I could make a long list of villains who have become boring sympathetic antagonists and point out the pattern that western cartoons seem to want to pass out redemption like candy. But I rather focus on how Star Warden handles the Villain part of the wheelhouse and yes Villains not antagonists. There is no gray morality in Star Warden it's clear black and white. 

Daimos fills the role of the honest to God, pure evil, love to hate villain that you don't see anymore because such characters are now "bad writing." For good writing, the villain must be the hero of their own story, or have a sad backstory, or redeeming qualities, or just be a moron. Daimos rejects those things and is just a pure out and out villain with his own goals and motives that are not relatable to the average person. I don't want to get too detailed on him since the first book does plenty of that.

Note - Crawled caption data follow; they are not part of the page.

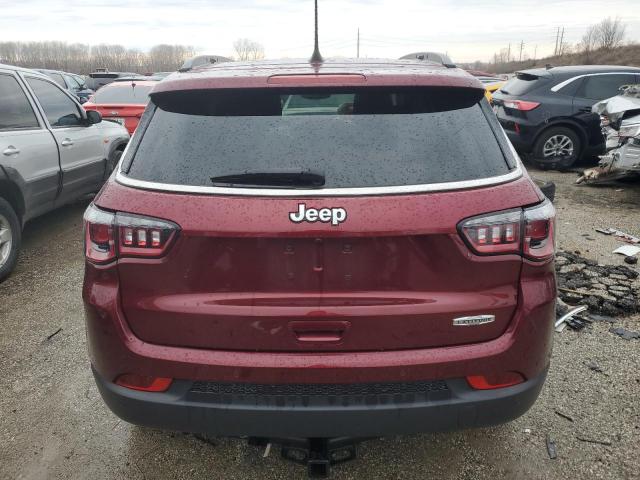2020 JEEP COMPASS LA - 3C4NJCBB5LT247122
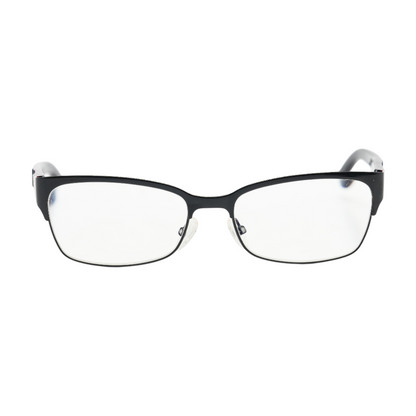 Black GG 4214 Cat Eye Prescription Eyewear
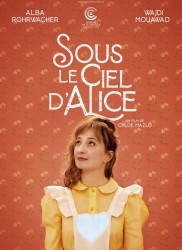 Voir Sous le ciel d'Alice en streaming et VOD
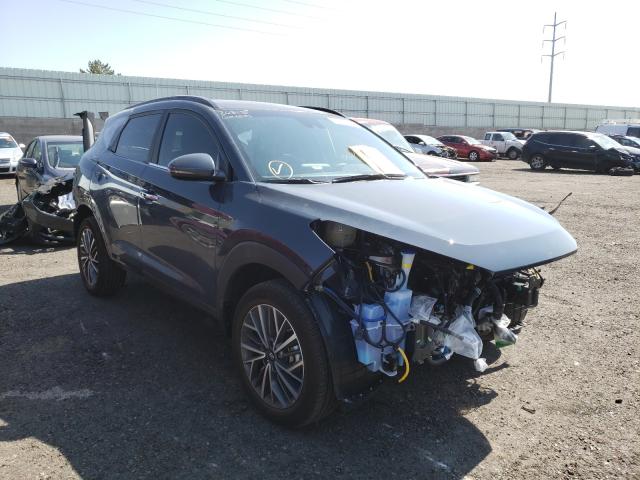 HYUNDAI TUCSON LIM 2020 km8j3cal9lu149750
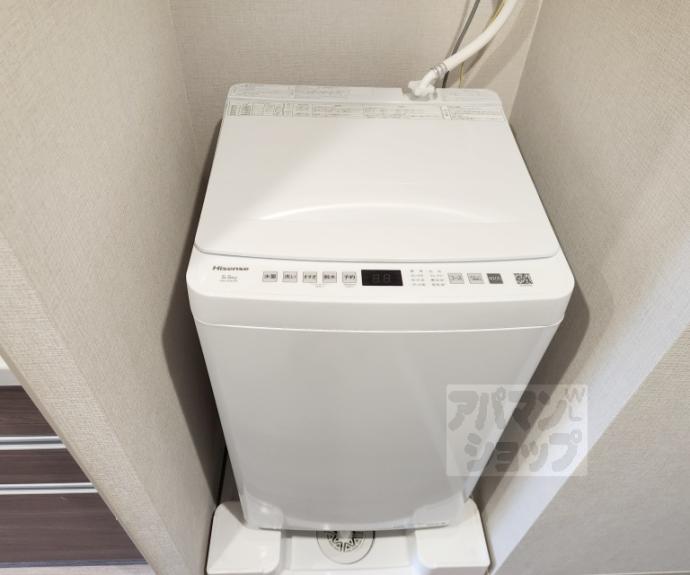 【エステムコート京都二条】間取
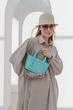 کیف دوشی مدل David Jones CM6929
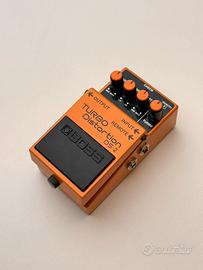 Turbo Distortion DS2 BOSS - COME NUOVO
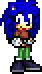 Clara Sprite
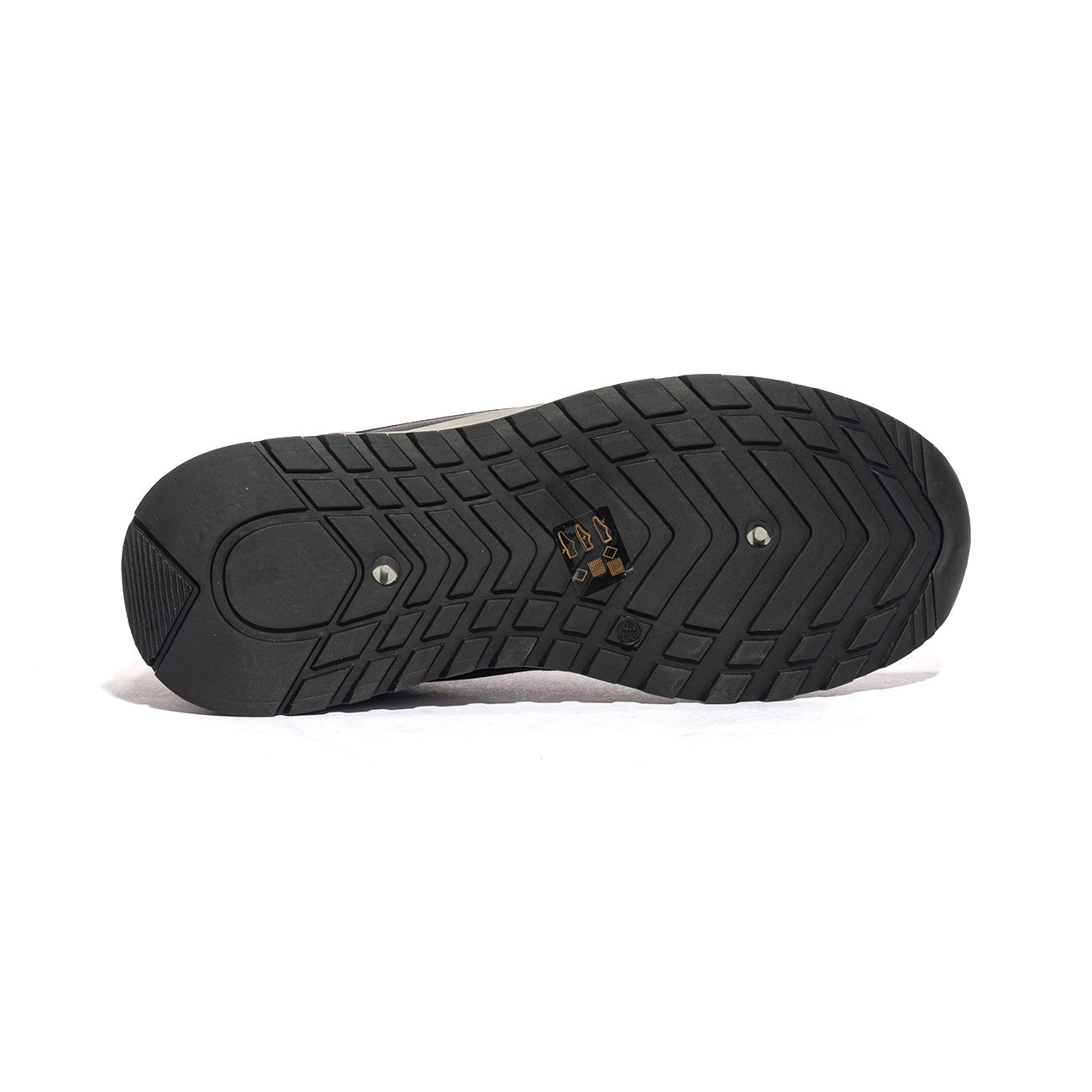U.S. GOLF CLUB US4582 GREY Sneakers Uomo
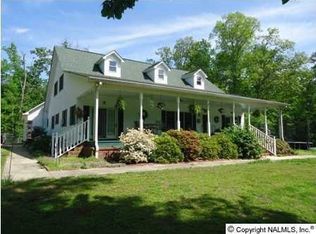 680 51st Rd, Grant, AL 35747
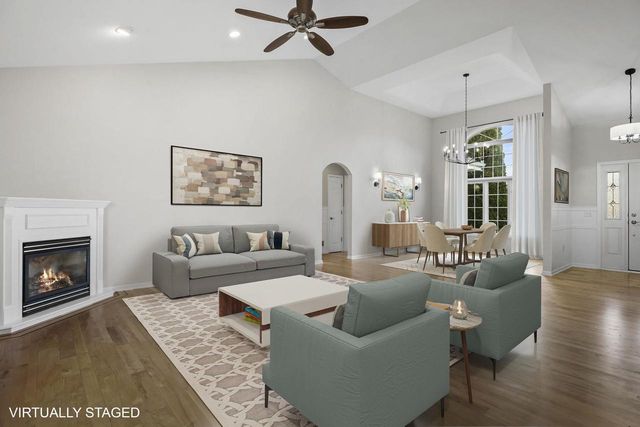 1232 Dartmouth Drive, Waunakee, WI 53597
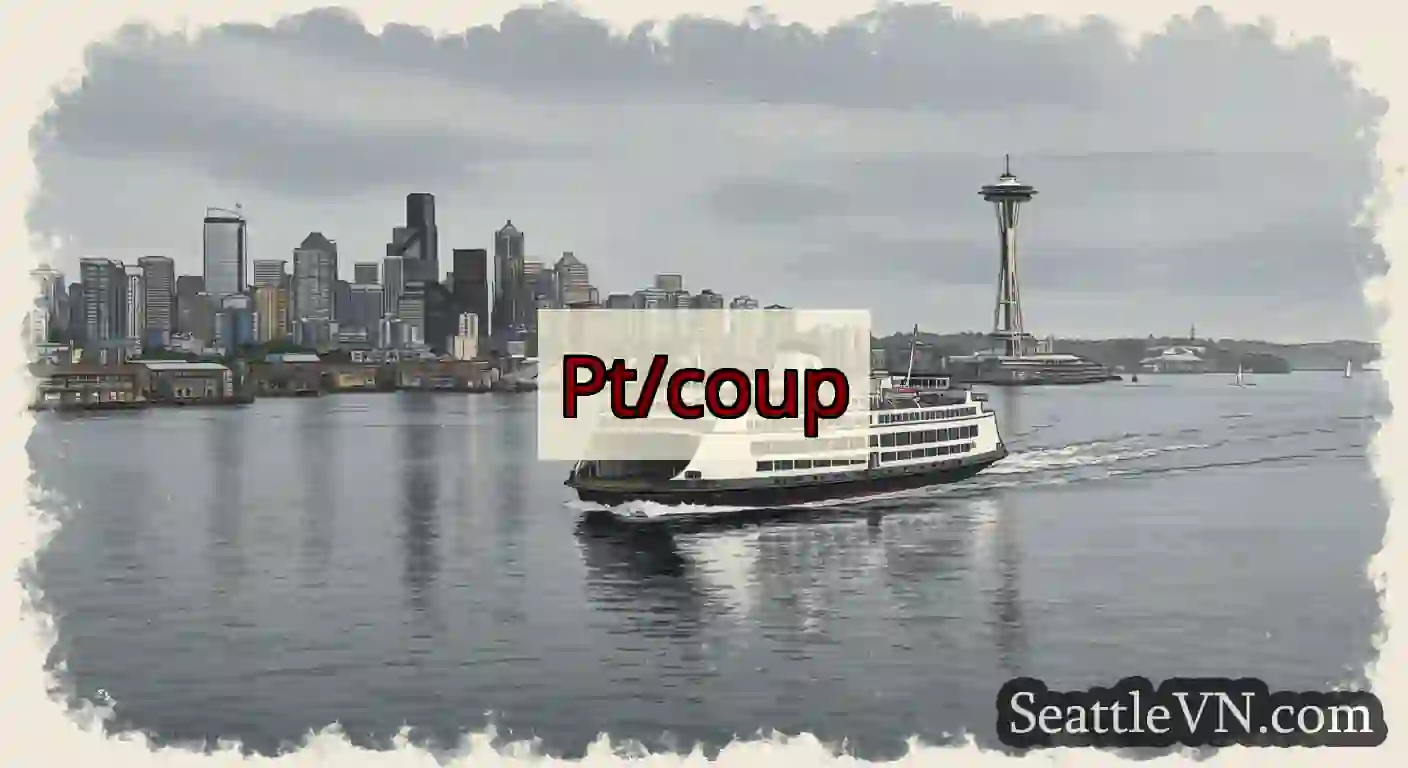 Pt/coup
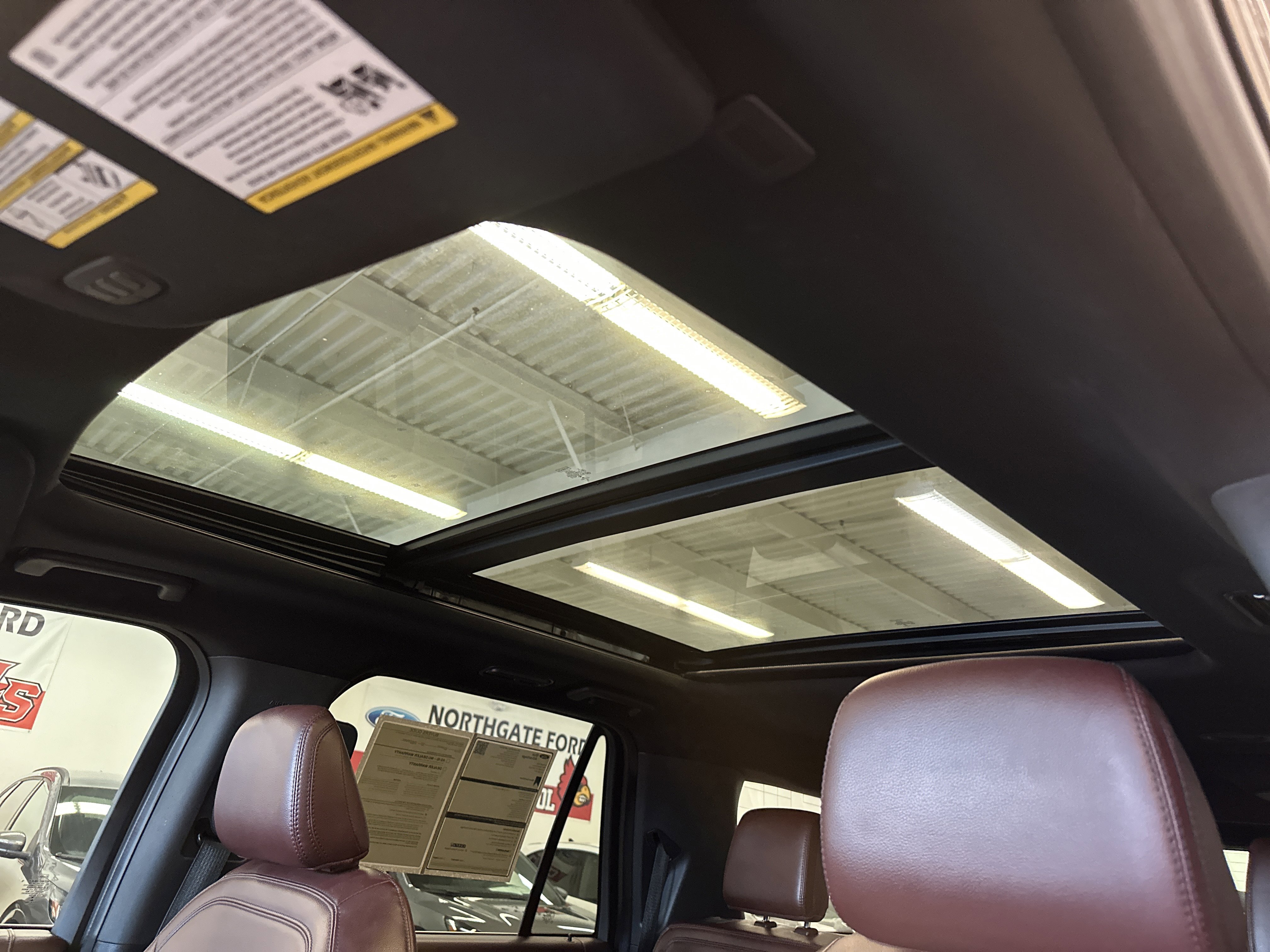 Certified 2022 Ford Expedition Max Limited image 4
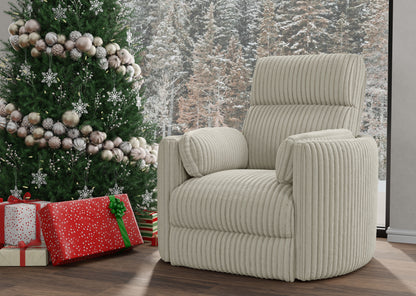 Radius - Power Reclining Sofa Set
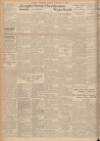 Scunthorpe Evening Telegraph Tuesday 28 February 1939 Page 4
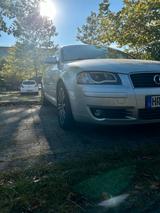 Audi A3 8P 2.0TDI Baujahr 2004 - Audi A3 aus 2004 mit Diesel-Antrieb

But I can say he is competent and highly self-motivated. 

Something else to think on, how many of the "badly" written villains are remembered? How many people remember Naraku, DIO, Skeletor, Dr.Eggman, Megabyte, Mumm-Ra, etc, etc? If you can remember those names off the top of your head. It proves my point on how dastardly villains can stand the test of time due to their great contrast with an aspirational hero. Daimos will join that list. 

Terminator Needs.

This last one isn't really a super important need and is just me wanting to do the war against the machines scenario. Terminator had that chance but Salvation didn't do well enough and Dark Fate effectively killed the franchise. So this is me just bringing back something that a Dead IP is no longer using, also I tend to like the machine uprising scenario in my fiction. (Sonic SATAM needs more love)

Conclusion 

I have honestly no idea if my pulp-inspired, sword and planet, sword and sorcery, raypunk sci-fi story will grab readers. It is honestly a niche product and goes against a lot of the grain. But I keep writing because I love what I made. I know close friends of mine like reading it. So I have hope that this will go well, I just need to put in the work. Because in the end, it is not just for me it is also for that one reader out there that needs some hope in their life as well. 

Someday I'll probably be someone's favorite writer. Maybe not today, maybe not tomorrow, but one day and it might come sooner than even I think it will. 

Fiannawolf's video in question: https://www.youtube.com/watch?v=fRu6ThvSKFw

1 comment:

  1. Indeed! Maybe if we really start offering alternatives to the "normal accepted mainstream" of Dead IPs, genuinely produce a good quantity of entertainment we might be able to swing things back to the heroic as the norm again.

    Cause I know if I feel neglected as a reader then others might feel the same way. We just have to build our empires of Superversive fun.